Banding is a less complicated procedure, as it doesn’t actually change the patient’s anatomy. Birch says the band is “closed like a belt” on the patient’s stomach. The recovery after banding is relatively short: patients are released from hospital the next day, and although they will experience mild discomfort and fatigue, could return to regular life within days.
The Realize Adjustable Gastric Band from Johnson & Johnson is one of the banding options available in Canada. It features the REALIZE Injection Port and Applier which is the only sutureless tissue anchor system. “What makes the velocity port different from other ports in the banding market is that it can be attached to the fascia in less than one minute,” says Shauna Dagnone, product manager – bariatrics, Ethicon-Endo Surgery. “The surgeon doesn’t have to take time suturing it… It can save up to ten minutes in a surgical case.”
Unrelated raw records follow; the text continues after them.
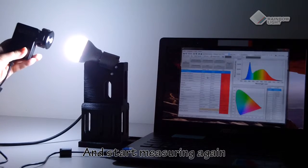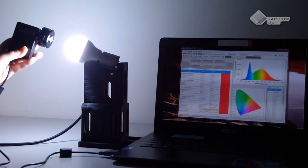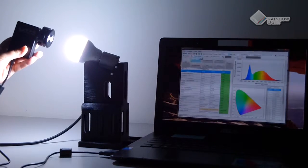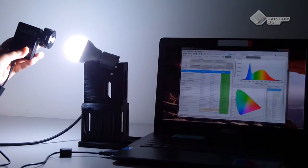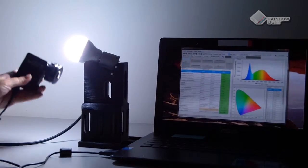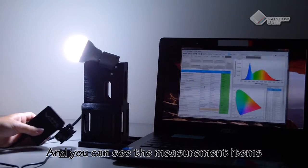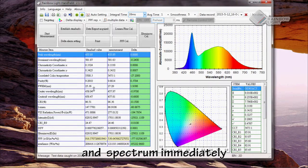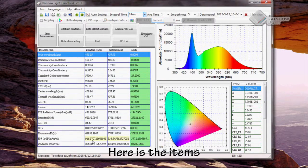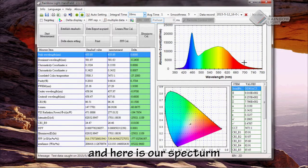Start measuring again. Then you can see the measurement items and spectrum immediately. Here are the items and here is our spectrum.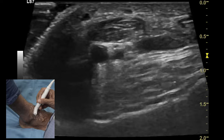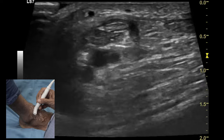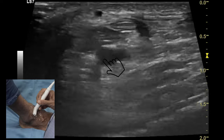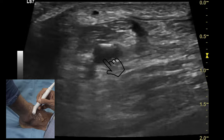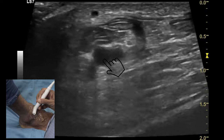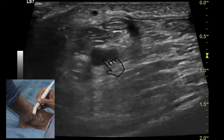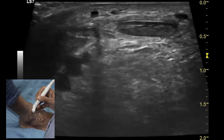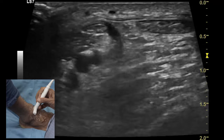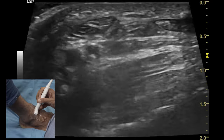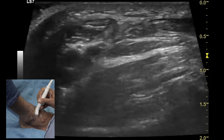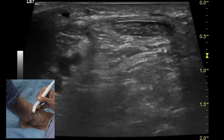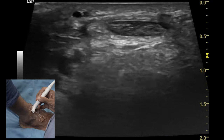After the extensor hallucis longus is examined, we need to move more laterally. Between the extensor hallucis longus and the extensor digitorum one can see the neurovascular structure which consists of the anterior tibial artery, the vein, and the deep peroneal nerve. By moving the transducer from superior to inferior, all three structures can be evaluated very well.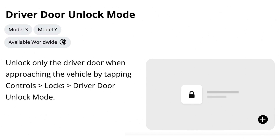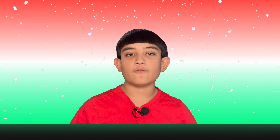The first new feature is Driver Door Unlock Mode. How this works is when you walk up to your vehicle with the key, it will unlock the driver's door only. To enable this feature, tap Controls, Locks, Driver Door Lock Mode. Some other cars have this feature and generally I'm not really a big fan of it, but some people might find it useful.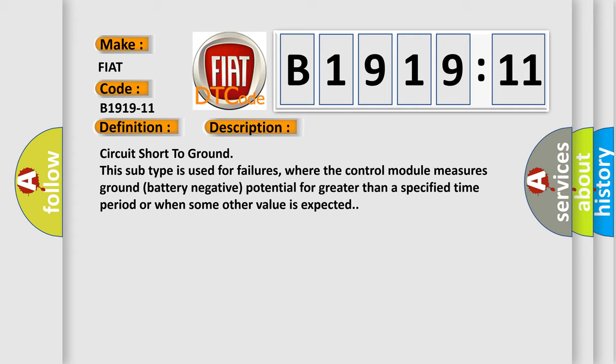Circuit short to ground: this subtype is used for failures where the control module measures ground (battery negative) potential for greater than a specified time period or when some other value is expected.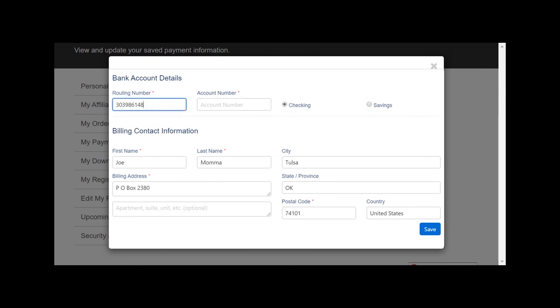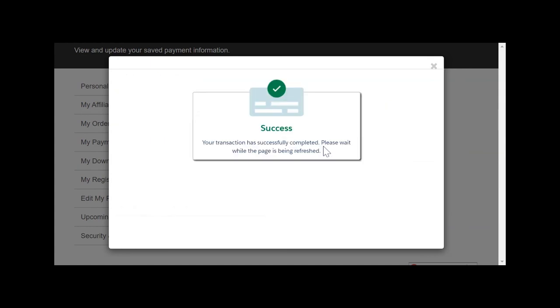Be sure to choose whether you prefer checking or savings. Click Save and that's it! Your new payment method is securely stored for future use whenever you log in to PEI.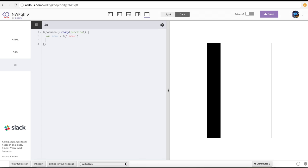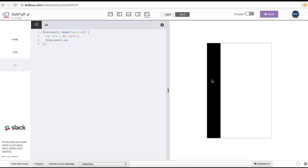Then I'm going to say $document.on. I want to click somewhere on the menu and drag it out. There are two events happening: one is clicking down the mouse, and then moving the mouse left or right to let the menu come out or go in. I'm going to use the on function in JavaScript to add those event listeners — mouse down and mouse move.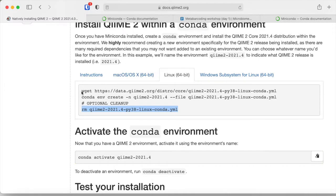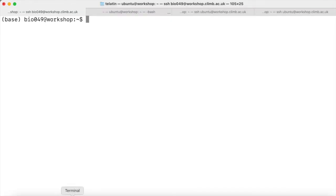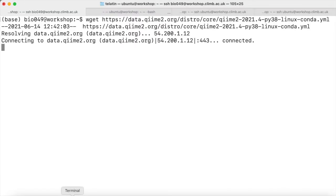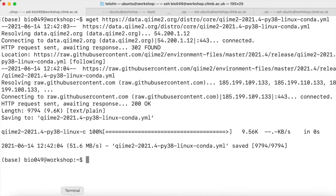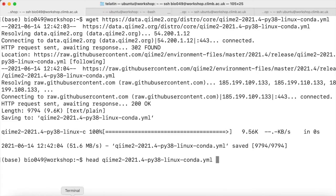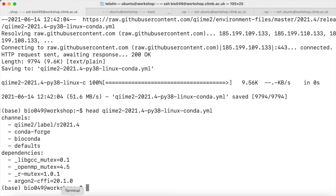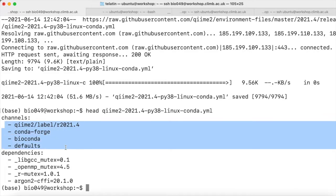Let's start by copying the wget command. Let's check that we know the correct file — it should be a text file with a list of packages. And this is it. These are the channels that will be used.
But it’s the support program that accompanies the Realize Band that might be the biggest key to patients’ success. REALIZE mySUCCESS™ is an interactive website that provides support to the patient before and after surgery. “It’s really important to know that surgery is a small part,” says Dagnone. “It’s the patient’s effort post surgery that plays a large role in their overall success.”
One difficulty that often arises after surgery is patients’ inability to visit with their health-care team. Perhaps the patient travelled for the surgery, and is now consulting with a local GP. REALIZE mySUCCESS™ allows patients to remain constantly connected to their health-care providers, who also have access to the site. “It really bridges the patient to the practice, and when I say practice, I mean the team that’s looking after the patient — that’s the nutritionist, dietitian, surgeon, it could be a physical therapist, occupational therapist, anybody who’s looking after the patient will have this interactive access,” says Dagnone.
REALIZE mySUCCESS™ is available to Realize Band patients, but also to anyone who undergoes a gastric bypass or gastric sleeve procedure using Ethicon Endo-Surgery products. As well as fostering a lot of healthy communication between doctors and patients, the site also contains a wealth of useful information: recipes; info on nutrition, exercise and caloric value; meal planning and goal-setting tips; and guidance on what to do when you’re struggling and who to reach out to for help. Patients can also input their nutritional intake into a food diary, which their nutritionist can monitor remotely. “It’s a journey to health for these patients, and it’s a long journey,” says Stewart. “They’re looking at 18 to 24 months or longer, depending on their weight-loss goal.”
The decision to undergo bariatric surgery is one that should be given ample thought. “Patients who meet the criteria outlined by the National Institutes of Health for bariatric surgery are candidates for the adjustable gastric band,” says Birch. He adds that patients also need to be assessed in a program dedicated to obesity management before they consider an operation at all. “Obesity is now recognized as a chronic disease, therefore a chronic disease model should be used for [it]: multidisciplinary evaluation and care, careful patient selection for various treatment modalities and long-term follow-up,” he says.
But when it comes to bariatric surgery in general, Birch has seen a lot of positive results. “Our program has achieved excellent success in many patients that have been treated with the adjustable gastric band, gastric bypass and sleeve gastrectomy,” he says.
The team from Johnson & Johnson is determined to see continued progress in patients. “This is a patient population that is growing way too quickly… We want to do what we can to help stem the tide and help these patients be successful,” says Stewart. “We’re not focused on cosmetics as our primary goal; we’re focused on the individuals that have health-care concerns that go beyond how they look, and more to how they feel.” •
Johnson & Johnson Medical Products, a division of Johnson & Johnson Inc., has provided funding to CAMIS and Dr. Birch for research and development projects and/or consulting.